Further basic research, using a specific pathophysiological animal model are necessary in order to fully elucidate the precise manner in which SMF relieves pain in a variety of painful conditions, including ischemic pain and inflammatory pain. As complementary and alternative medicine continues to expand, there is increasing interest in the potential therapeutic use of SMF for therapeutic uses.
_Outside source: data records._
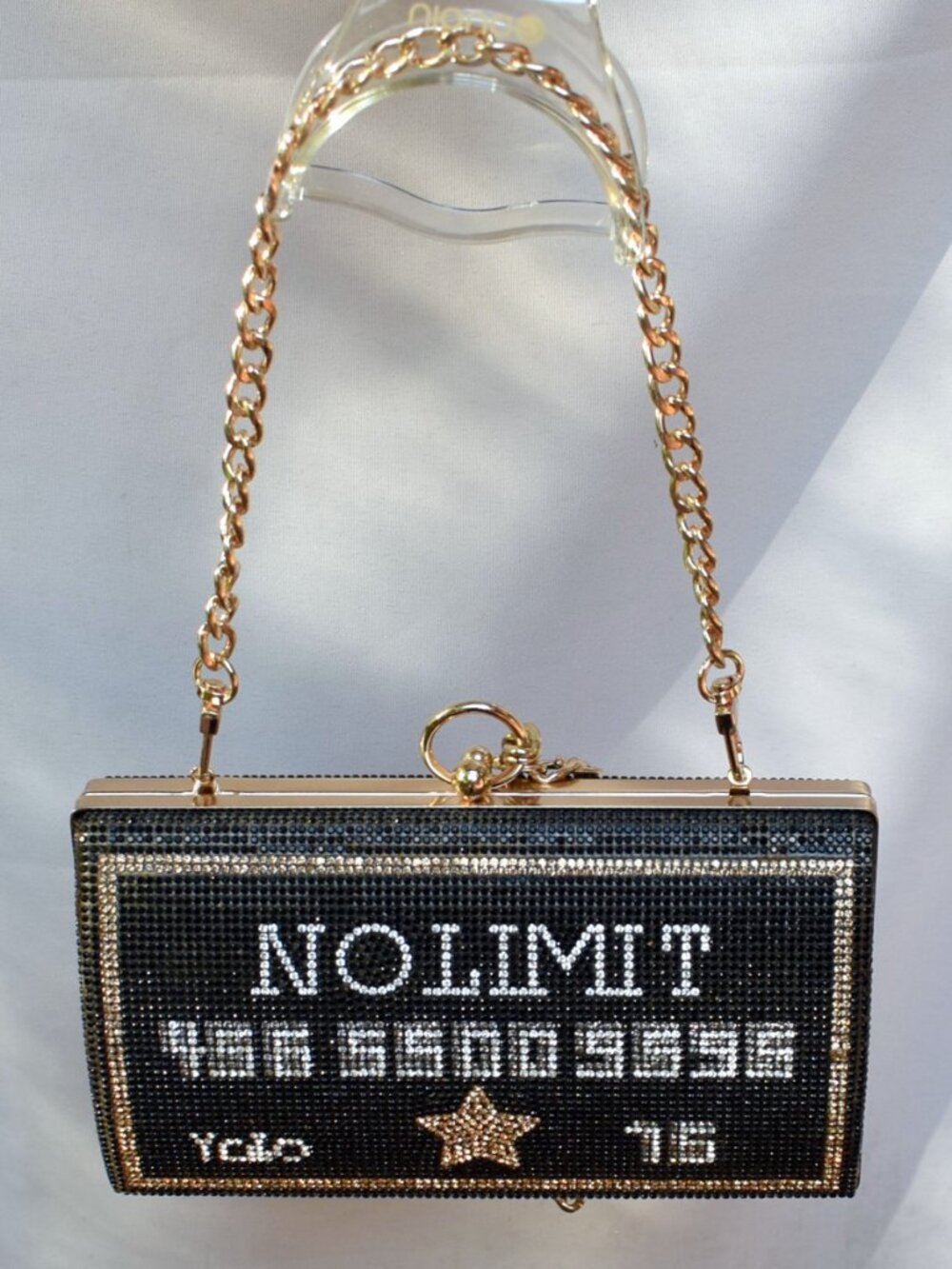 Le Miel Black Rhinestone Credit Card Novelty Clutch Wristlet Bag NWT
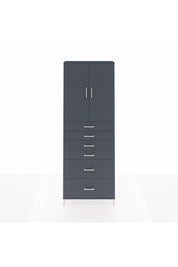 Arges Dolap 3 Raflı 6 Çekmeceli 2 Kapaklı 88x30x243 Antrasit-Antrasit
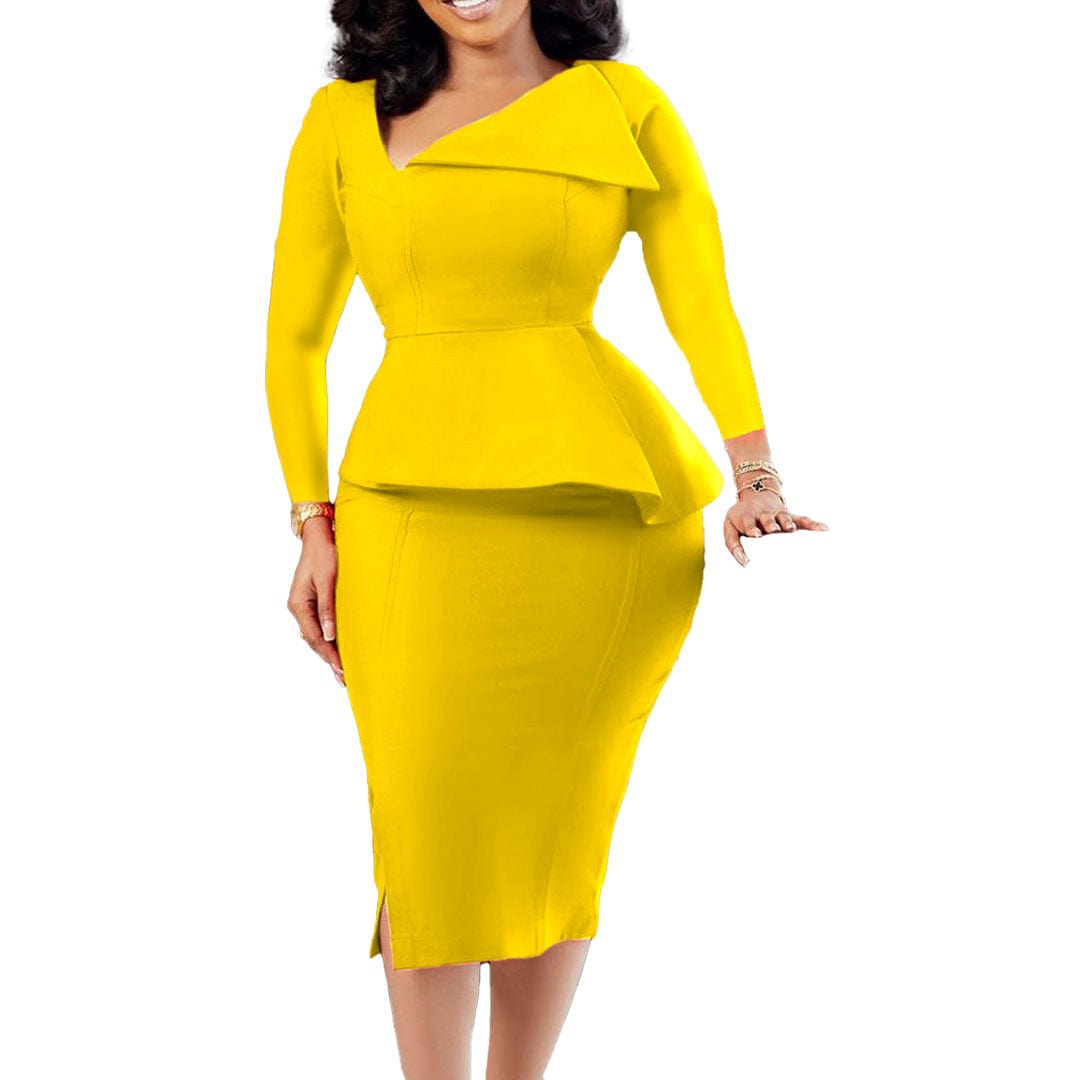 3 XL / Yellow C1102ME67 High Quality Casual Solid Color Ruffles Office Bodycon Dress Women Sehe Fashion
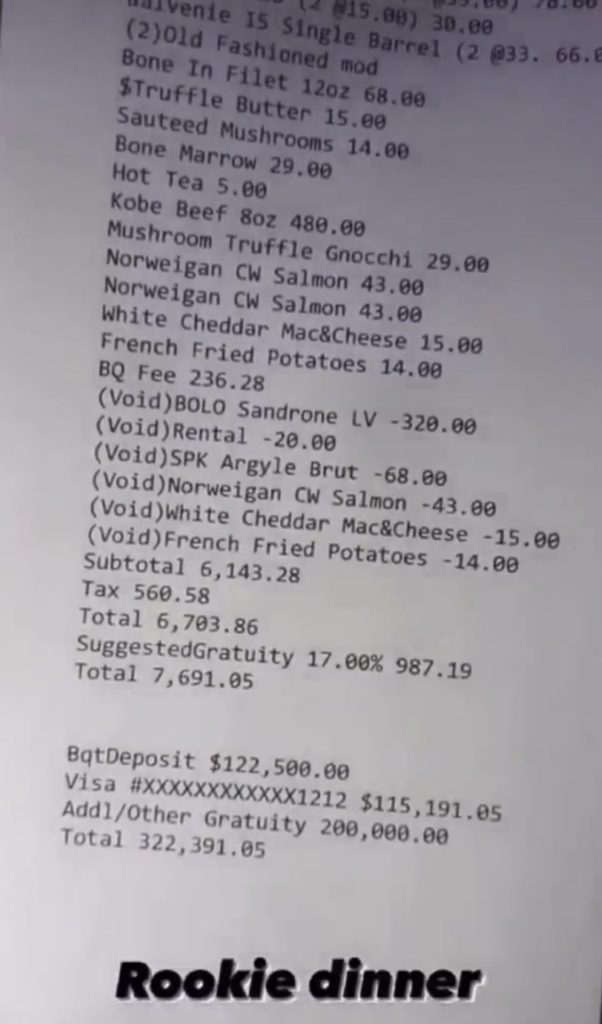 49ers DL rookie dinner cost over $300k 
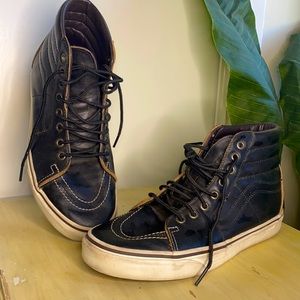 Not for sale  Vans Black Leather old school Dress skater Sneakers size 10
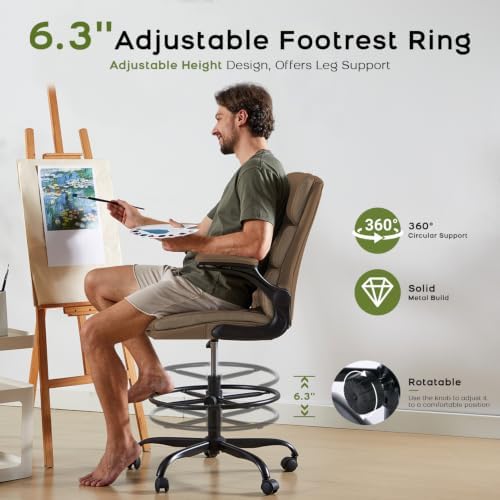 amseatec Drafting Chair, Tall Office Chair with Footrest for Standing Desk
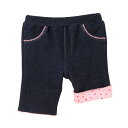 【ホットビスケッツ】リボンポケット付き☆6分丈ストレッチパンツ(インディゴブルー・110cm)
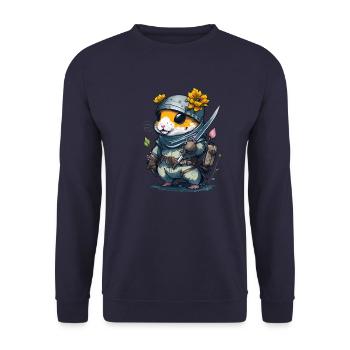 Mit diesem Design wirst du zum Ninja Hamster - Unisex Pullover - Navy - Vorne - Alina (178cm) & Michal (187cm)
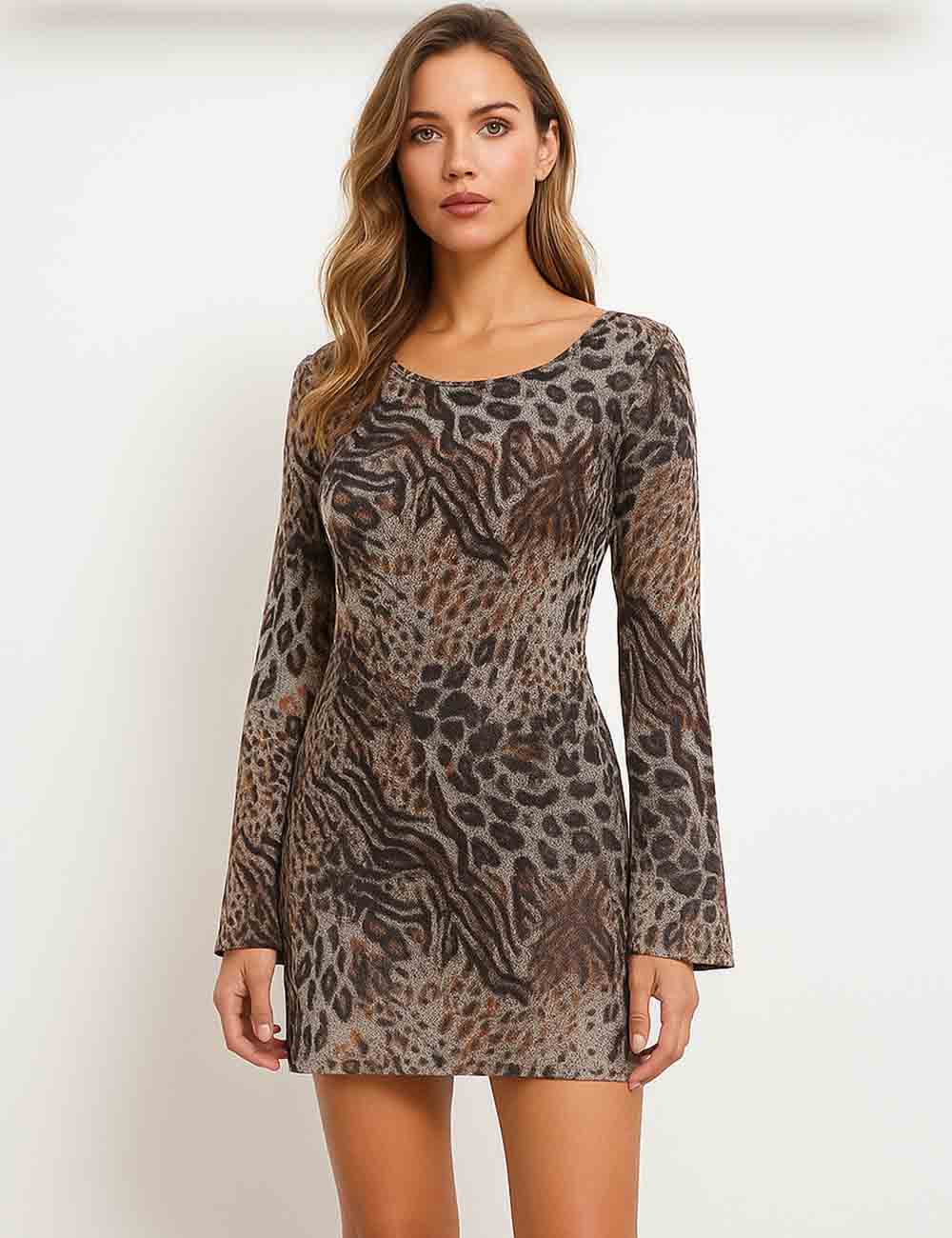 Ladies Leopard Print Round Neck Scoop Back Mesh Mini Dress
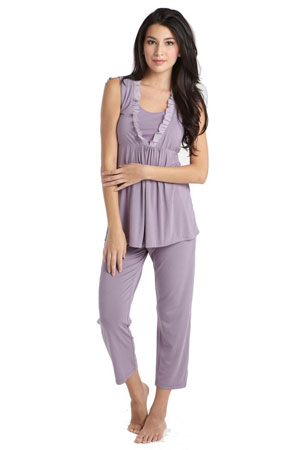 Chiffon Trim Bamboo Nursing PJ Set by Mothers en Vogue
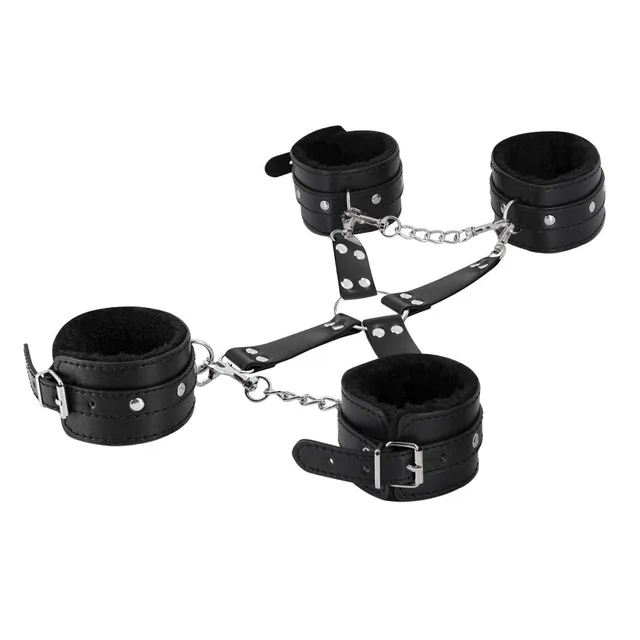 Angled view of black All 4s fuzzy four-cuff set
Existing literature already describes the analgesic actions of SMF. Furthermore, a clinical study has shown that SMF treatment successfully relieved pain in patients suffering from neck shoulder pain and muscle fatigue as a direct result of ischemic conditions in the microcirculation. We consider it important to combine the application of SMF with Western medicine or exercise therapy.